Garance Franke-Ruta has ignited a small firestorm with her hatchet-job on the right-wing blogosphere and specifically Red State’s Mike Krempasky (Note that I am a contributor to Red State as well, although to my knowledge I’ve never met Krempasky.)
Of course, Krempasky fired back with an article that exposed the spurious logic behind Franke-Ruta’s argument. He also revisits the subject here and fellow Red Stater Josh “Tacitus” Trevino does an excellent job of getting into the mind of a left-wing activist.
The concept that — gasp! — political bloggers might be — double gasp! — involved in politics should hardly be a surprise to anyone. Most bloggers who write about politics have at the very least an active interest in politics, and a good number of them are politically active. I was active in the College Republicans for many years, and have met many prominent political figures. It’s really not that hard for someone who’s basically a nobody politically speaking to gather a rather impressive array of contacts just by being active in a political organization. That doesn’t mean that there’s some kind of organized conspiracy afoot.
As Josh Trevino quite astutely notes:
The left itself, though, is lately seized of the idea of an impending fascism in American life and discourse. Concurrent with this is the notion that the right-wing controls everything — excepting their lonely bastions of online liberty, of course — not due to any merit or legitimate affinity on the part of the American people, but rather by dint of a nefarious combination of lies, chicanery, and superior organization. What is the matter with Kansas, anyway? Well: Kansas has been duped. Markos Moulitsas used to claim that if only fundraising was equalized, the level playing field would mean that the inherently superior pull of the left’s ideology would mean Democratic victory from sea to shining sea. One hasn’t seen that line resurrected since the Heinz fortune and the online obsessives failed to pull off a win last November.
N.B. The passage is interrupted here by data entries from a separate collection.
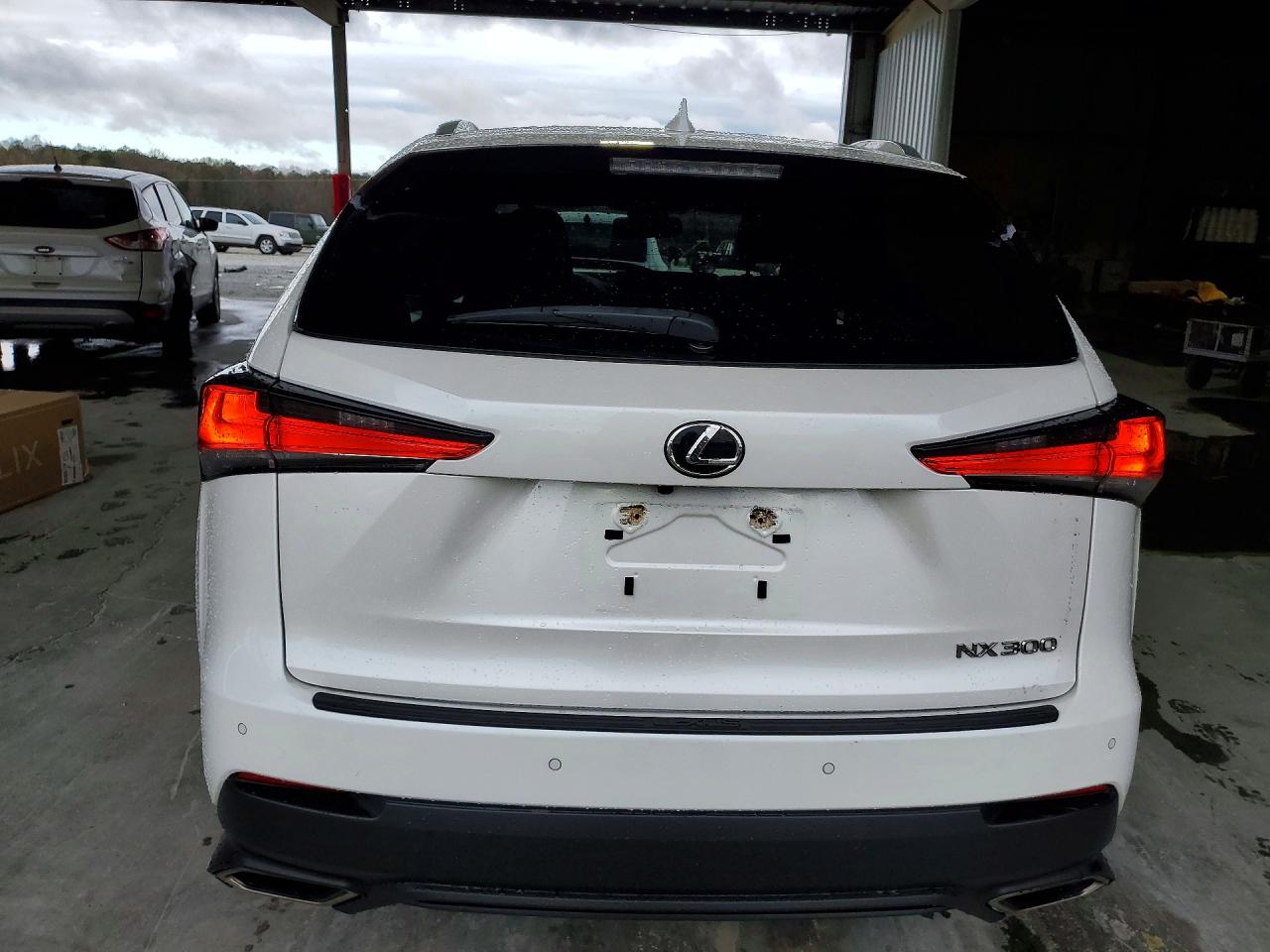 Lexus NX Base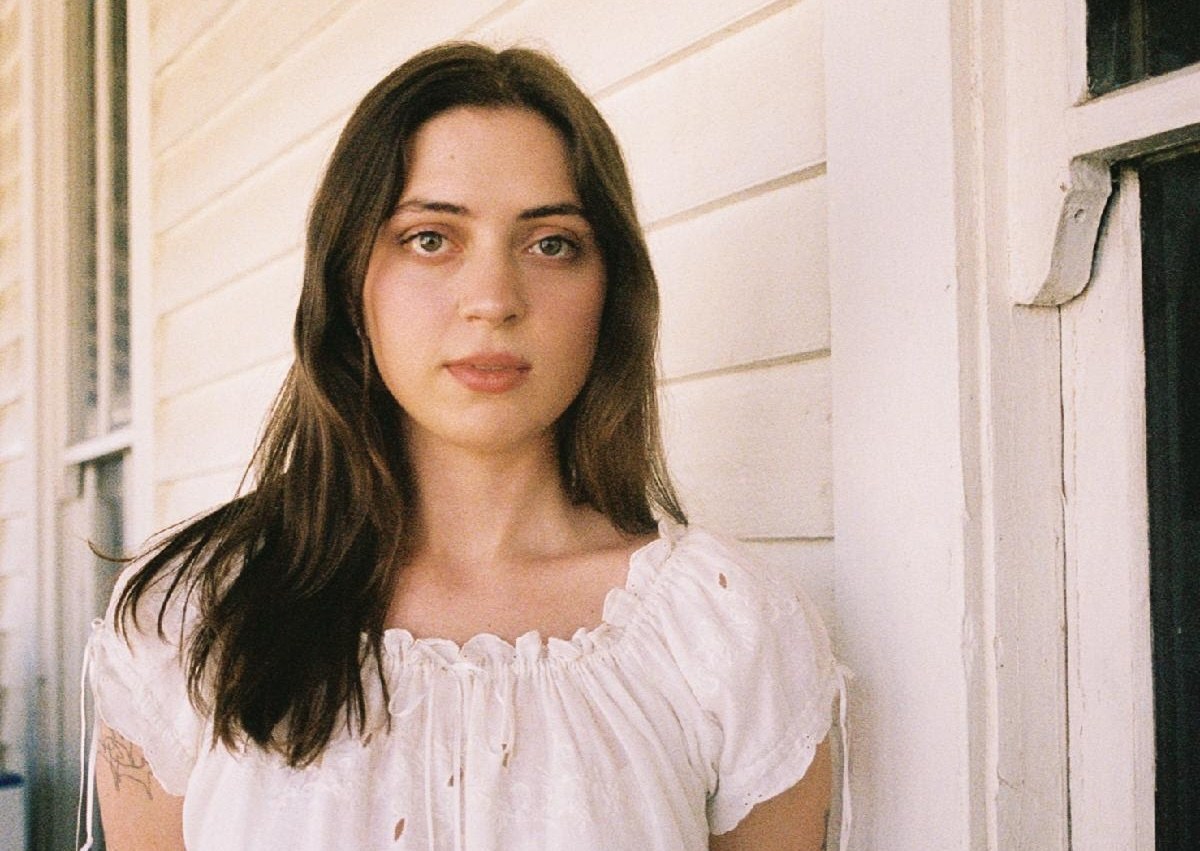 Lizzy McAlpine Got Stella Lefty’d Over Nick Drake Soundalike On Her New Album — image 4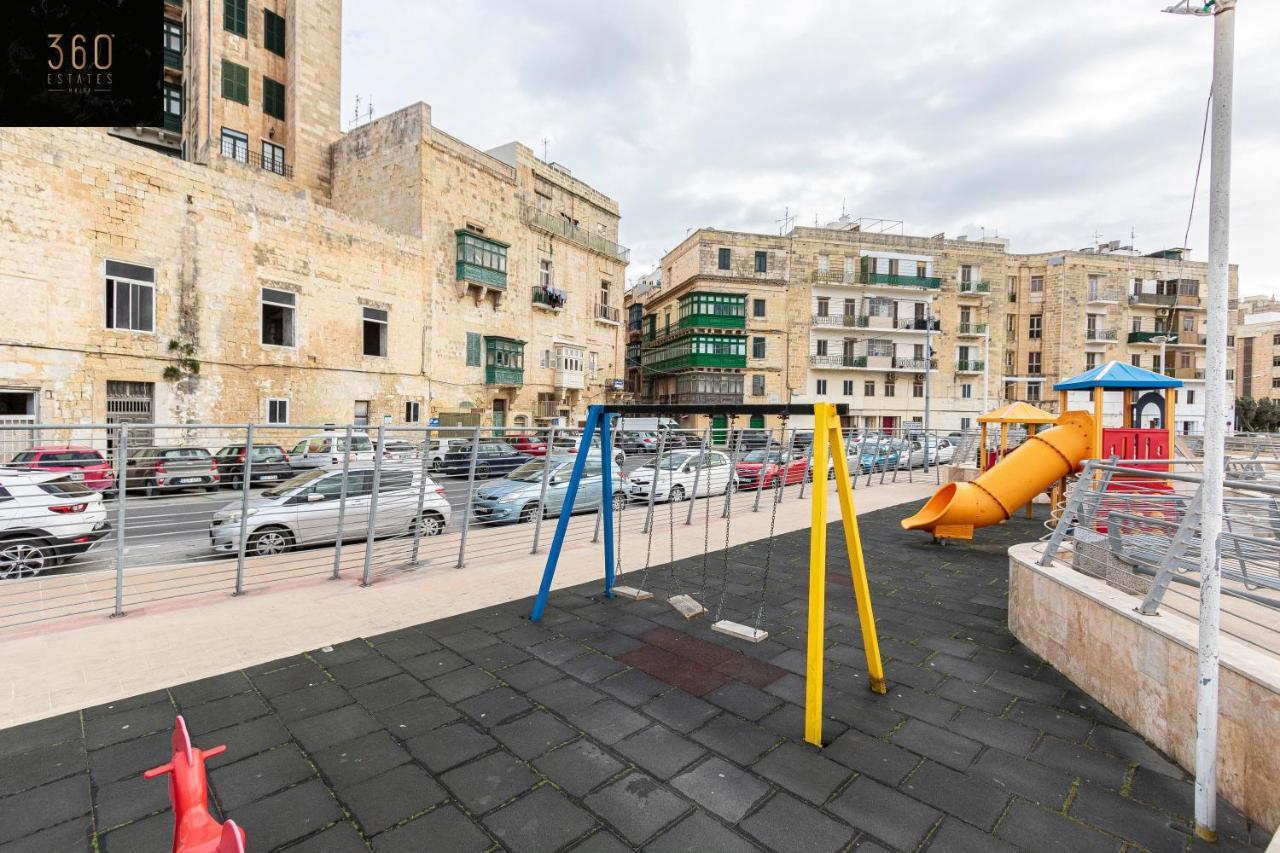 Seafront - Top Location, Top Floor With Wifi & Ac By 360 Estates Valletta Kültér fotó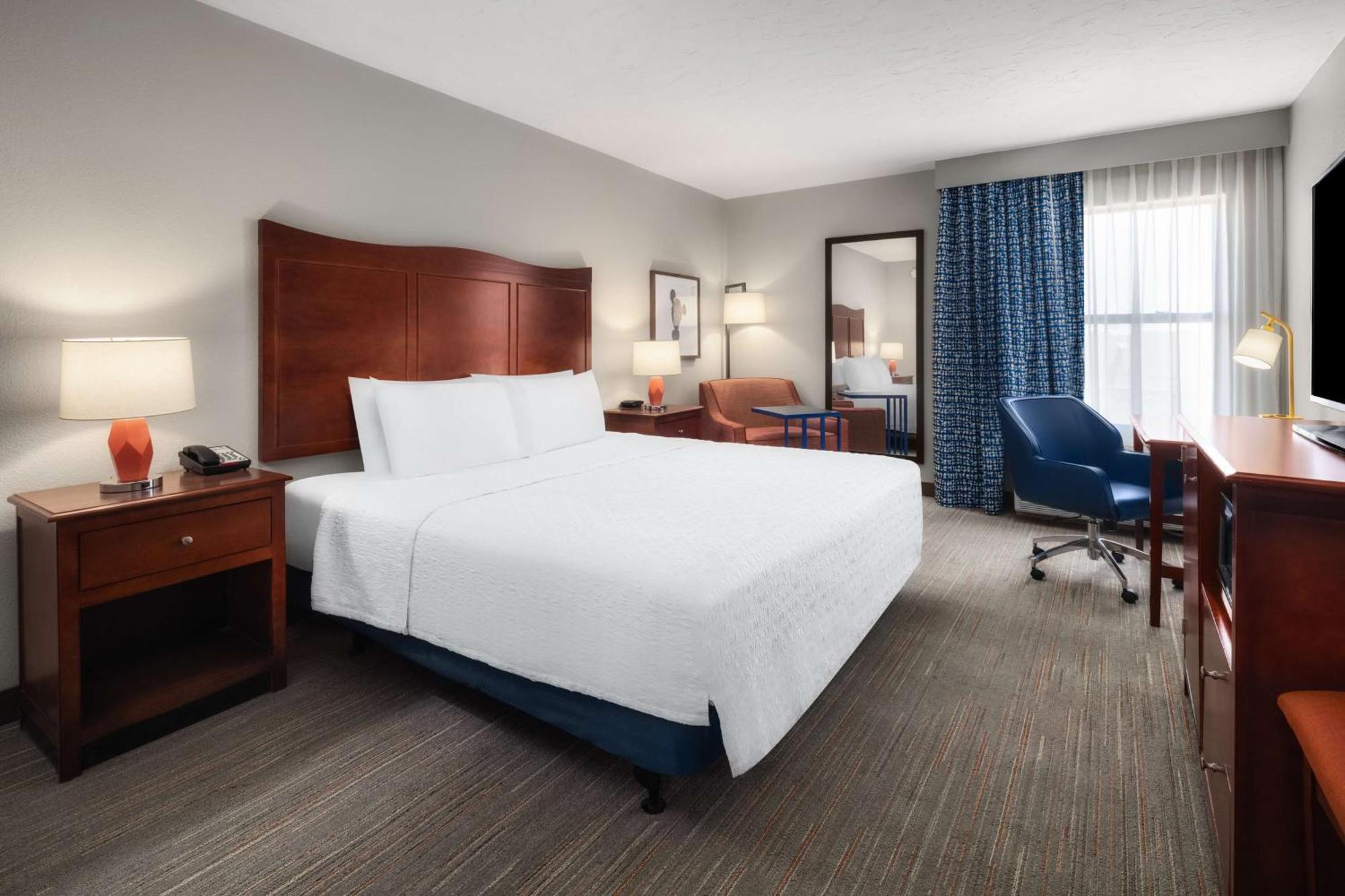 Hampton & El Paso-airport 3*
The inbred self-righteousness — and the concurrent equation of political belief with personal virtue — means that there is a general unwillingness to admit the obvious: the right hasn’t dominated politics and political discourse in America since 1994 because of any conspiracy; it hasn’t done so because of superior organization; and it hasn’t done so because it has pulled off the remarkable feat of deceiving 51% of c.300 million Americans for over a decade. The right’s in charge because, well, folks like the right. They like what it does. They like what it stands for. It’s as simple as that. Yeah, we’ve got our think tanks. Yeah, we’ve got our magazines. Yeah, we’ve got our activist campaigns. Yeah, we’ve got our bloggers who know lots and lots of people — more on that in a moment. All the above, of course, is also true of the devotees of the Socialist Fourth International. And, well, the Democrats. What’s the difference? It’s the ideas, stupid.
All this idiocy about conspiratorial connections between bloggers, Karl Rove, Jeff Gannon, the Zeta Reticulan Grays, Major League Baseball, the Bavarian Illuminati, etc., all a form of partisan masturbation for Democrats. See, it’s not that they’re getting beaten because their ideas are becoming increasingly incoherent, it’s because of the conspiracy. Once you start seeing boogeymen in every corner it provides you an excuse for everything. Why John Kerry didn’t lose because he couldn’t articulate a clear position on anything — he lost because of them. Trevino’s next thoughts are particular important:
Franke-Ruta’s essay does little more than feed the self-righteous paranoia of the American left at a time when it needs it the least. Make no mistake: American politics needs a healthy opposition movement and a healthy two-party system. Keeps us honest, for one: who else is going to shame the GOP leadership into rediscovering small government? Okay, so that would be the libertarians — you get the picture. Ideological movements built upon a conspiratorial view of their enemies rapidly adopt the imagined worst characteristics of their enemies, even as they progressively abandon any meaningful critique of those enemies.
The “progressive” movement has become a parody of the things they claim to stand up against. The level of orthodoxy among the lefty blogosphere and intelligentsia is appalling — witness the way Peter Beinart is being shunned for the heresy of arguing that Democrats need to get serious on national security. Witness how the Kossacks revel of destroying Jeff Gannon, then decide that they need to dig up dirt on Alan Greenspan because he had the audacity of suggesting that private retirement accounts in Social Security might be a good thing. If ever there was a need for the left to have a “have you no decency?” moment it’s now.
However, it’s far easier to just slip into fantasy and let the evils of the Vast Right-Wing Conspiracy explain all. Sadly, that’s exactly what many members of the left have done over the last few years. If you’re trying to be relevant and attract people to your point of view, doing it through blind and spiteful attacks against anyone who disagrees with you is hardly the way of going about it. It is for this reason that no right-wing conspiracy, real or imagined, could do as good as job of destroying the left as they’re doing to themselves now.